3人が立ち去った後、シンは睨みつけたまま無言で立ち上がった。

「「「シン!!」」」
「・・・・・」
「なぁ俺達、大丈夫だよな?」
「何が?」
「だって俺達、シンとヒョリンの為にやったんだぞ。なのに罰せられるなんて、あり得ないだろう?」
「・・・俺は、ヒョリンとは何の関係もない。お前達と同じ友人だと否定した筈だが?」
「「「えっ!?」」だって、ヒョリンが大学卒業したら結婚する約束をしたのにって・・・だから俺達、無理やり引き裂かれたとんだと思って・・・」
「で、お前達は俺の話よりヒョリンの嘘を信じたわけだ。
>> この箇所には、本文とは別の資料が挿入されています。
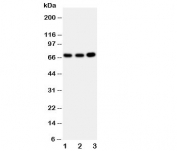 Western blot testing of GBP1 antibody and Lane 1:  U87;  2: HeLa;  3: MCF-7 cell lysate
友人だと思ってたのに残念だ・・・2人きりで会ったことも手を繋いだころもない奴と結婚の約束?!一昔前の見合いじゃあるまいし・・・」
「ウソ・・・夜にドライブして、車でHしたりするって・・・それもヒョリンの嘘か?」
「・・・ドライブしても護衛の車が付いてくる。なのに車で淫らな行為なんて、見っともなくてできるか!アイツらじゃないが、ヒョリンで欲情した事は一度もない。ハッキリ言って萎える。」
「「「・・・シン・・・」」」
「追って宮から申し渡しがあると思う。今から覚悟しておくんだな」
「「「・・・・・」」」
「最後に聞くが、俺のチェギョンを見て鼻血出したムッツリは誰だ?」
「・・・多分、あの声は、クラス委員のコン・セジュンだと思う」

それを聞いて、シンはコン内官の顔が浮かんだ。

(まさかコン内官も毎日、エロい目でチェギョンを見てるんじゃないだろうな。変態エロジジイめ・・・)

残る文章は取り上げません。